Appellate Division’s Interpretation of New York City’s Freelance Law
September 6, 2022
By: Samuel G. Dobre
The First Department of the Supreme Court, Appellate Division, in a matter of first impression, interpreted New York City’s Freelance Isn’t Free Act (FIFA) in the context of a motion to dismiss (Chen v. Romona Keveza Collection LLC).1 The Plaintiffs (a photographer and a model), sought to recover payments for services rendered to the Defendant (a high-end luxury fashion brand), claiming the defendant violated FIFA by improperly withholding payments. The Appellate Division ruled that an individual’s representation by an agency or agent does not necessarily disqualify the worker from FIFA’s freelance worker protections.
What is the Freelance Isn’t Free Act?
Enacted Nov. 16, 2016 and effective as of May 15, 2017, FIFA is “the first act of its kind in this country to provide legal protections for freelance workers against nonpayment for work performed.”2 FIFA established protections for freelance workers, including, but not limited to, a requirement for 1) a written contract for certain freelance projects; 2) timely and complete payment for services; and 3) protection from retaliation for exercising rights under this law.
Under FIFA, a freelance worker may file an administrative complaint before bringing an action in court. However, filing an administrative complaint is not a pre-requisite to filing an action in court. In order to be protected under FIFA, an individual must meet the definition of a “freelance worker” and the employer must qualify as a “hiring party.” A central issue before the Appellate Division in Chen was whether the plaintiff model could be classified as a “freelance worker” because she was represented by a modeling agency.

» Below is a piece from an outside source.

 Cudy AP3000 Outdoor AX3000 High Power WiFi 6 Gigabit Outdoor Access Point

What is a “Freelance Worker”?
FIFA defines a freelance worker as “any natural person or organization composed of no more than one natural person, whether or not incorporated or employing a trade name, that is hired or retained as an independent contractor by a hiring party to provide services in exchange for compensation.”

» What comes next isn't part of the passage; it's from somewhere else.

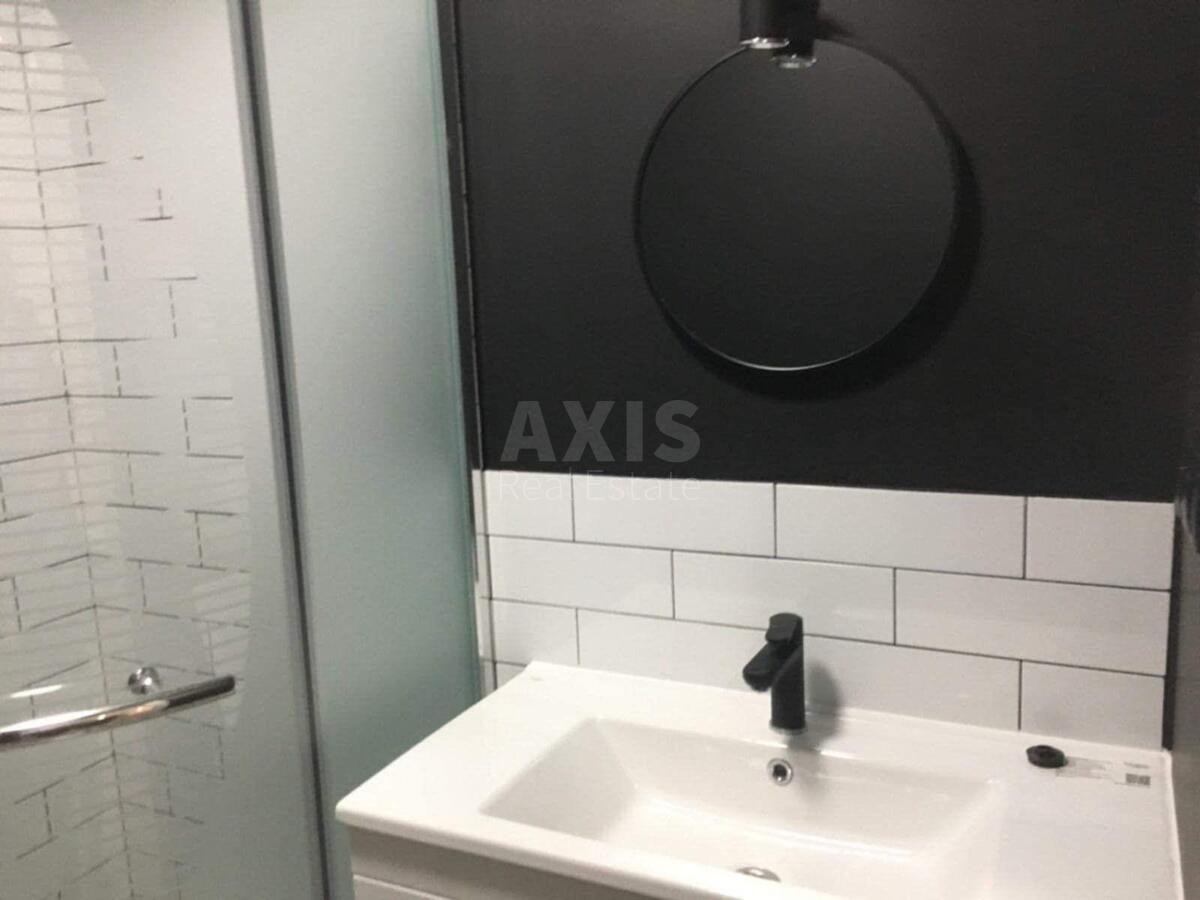 1к квартира ул. Сверстюка Евгения 4611653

The defendant in Chen argued that the plaintiff was not a freelance worker, but rather an employee of a modeling agency and that the modeling agency was the “hiring party”, not the defendant. The court held that the plaintiff’s status as a freelance worker would ultimately be a question of fact and that the plaintiff had sufficiently pled facts in her complaint to have standing to sue the fashion brand.
What companies are impacted by FIFA as a “Hiring Party”?
FIFA defines a hiring party as “any person who retains a freelance worker to provide any service” with certain exceptions.3 If a hiring party violates FIFA, then a freelance worker may file a complaint either with the New York City Department of Consumer and Worker Protection’s Office of Labor & Policy Standards (OLPS) or may file a complaint in court.
In Chen, the court discussed that FIFA’s literal text is “silent as to how to factor an agent into the calculus of whether someone is a freelance worker,” and that FIFA does not explicitly include persons who are represented by an agent within its list of individual workers excluded from the freelancer definition. Accordingly, the court implied that an agent-represented worker may be considered a freelance worker and it is a factual matter based on the work performed, among other factors.
Recommendations and Key Takeaways
Employers across all industries hiring freelance workers must consider potential implications and employee protections under FIFA, especially when utilizing a talent agency or staffing company. The Chen decision and the potential enactment of a similar bill (Senate Bill S8369B), which would mandate contractual forms and additional terms for businesses that use freelance workers, make it more likely that legal issues surrounding the use of freelancers will grow. All employers or “hiring parties” should consider taking protective steps to analyze current and future contracts for any freelance workers, particularly in the fashion, arts and related industries, to limit potential FIFA-based complaints, risk and exposure.
If you have any questions, please contact Samuel Dobre, any attorney in Bond’s New York City office or the Bond attorney with whom you are regularly in contact.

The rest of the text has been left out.